While the additional objectives are appreciated, information on secondary missions is somewhat poorly conveyed. Upon receiving a mission, it’s added to the Journal for reference and usually has some instructions as to where to look. These journal entries never update to indicate that an element was completed or to give further instruction, however. As Mass Effect 3 has no inventory to speak of, there’s no convenient or easy way to check to see if the required item has already been found and needs returning. This means that the only way to determine if quests are completed is to return to the Citadel and seek the people who’ve given quests in the hopes that talking with them will wrap things up.
Last (and possibly least) is the game’s multiplayer content, which consists of cooperative missions for up to four players. Featuring six maps and a choice of three enemy types to fight with three levels of difficulty, these missions consist of eleven waves of combat, with the occasional wave featuring a special objective awarding big experience bonuses if completed within a time limit.
All of the basic classes in the single-player game are represented here and players may select from a male or female human of a specific class to begin. As missions are completed, the multiplayer character earns experience and grows in ability the same way that Shepard does in the solo game, albeit in a diminished capacity more akin to a squadmate. Additionally, credits are earned which can be spent on upgrade packs from the in-game store. These packs confer some single-use power-ups and unlock characters of different races in specific classes. Some items are more scarce than others and more expensive packs guarantee rarer items. Players who don’t wish to earn their unlocks and power-ups the old fashioned way can purchase packs with real-world money instead of in-game credits, but there’s really very little reason to do so as credits come in a pretty fast rate.

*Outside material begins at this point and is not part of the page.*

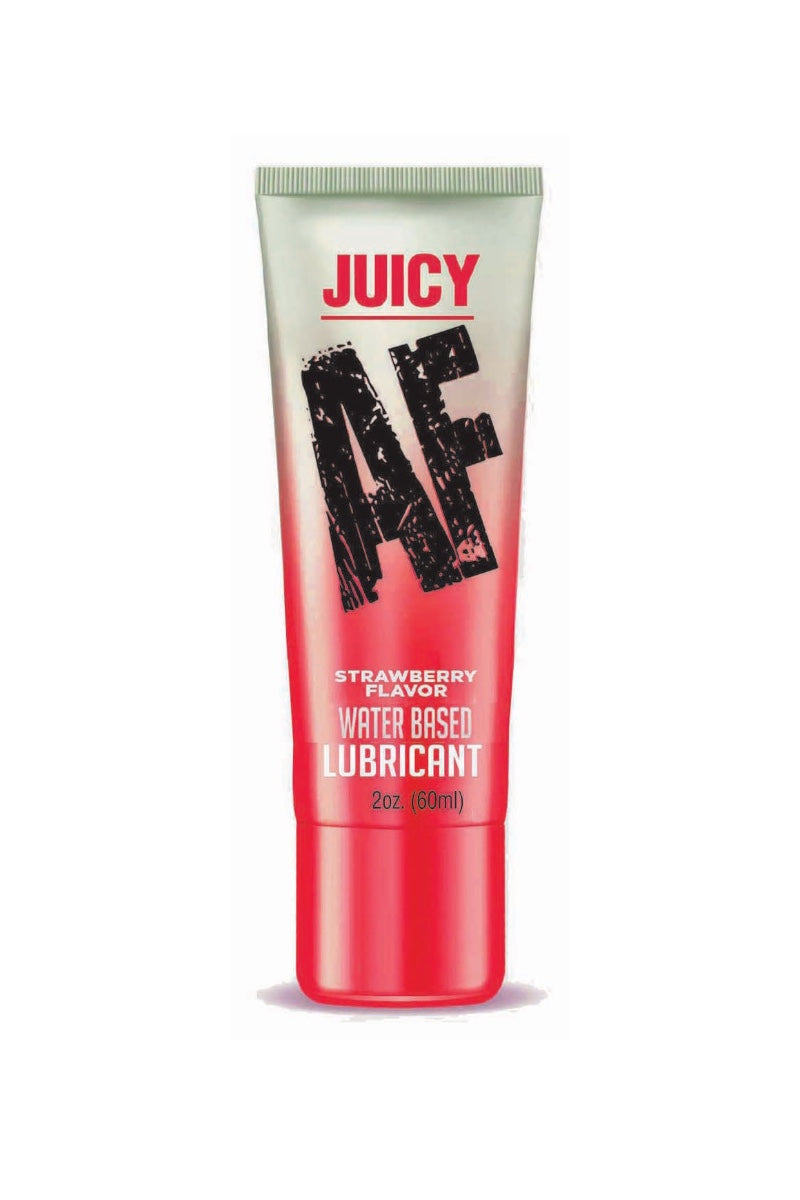 Juicy AF Water Based Lubricant in a red and white squeeze tube with black lettering, on a white background.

Completing missions in the multiplayer affects a system called “Galaxy at War,” a separate map which breaks the galaxy into five zones, each with their own percentage of galactic readiness. As multiplayer rounds are completed, the zone in which the round took place receives an increase in readiness which is supposed to impact the single-player campaign. As readiness seems to have little effect on the outcome of the game, the whole thing seems like a pointless waste of time.
The multiplayer game is fun, if a little short on variety. Six maps is a decent amount to start with, but all the missions play out more or less the same way, making the long-term prospects of the mode questionable unless new content is released in a timely manner. As there’s nothing which can not be accomplished in single-player without the multiplayer, not much would be missed by skipping the mode entirely but it’s worth giving it a few rounds at the very least, even if only to experiment with some of the other classes.
When all is said and done, Mass Effect 3 is the conclusion of Shepard’s career and as fine a conclusion as they deserve. The story is more fast-paced than anything BioWare has done before and still feels like it’s affording the player as much time as they need to explore and discover. While some niggling issues do persist in terms of controls, the storyline is supremely satisfying right up to its climax, which contains one of the most interesting moral dilemmas found in videogames (from a standpoint of long-term implications).
Well done, BioWare. Mission accomplished.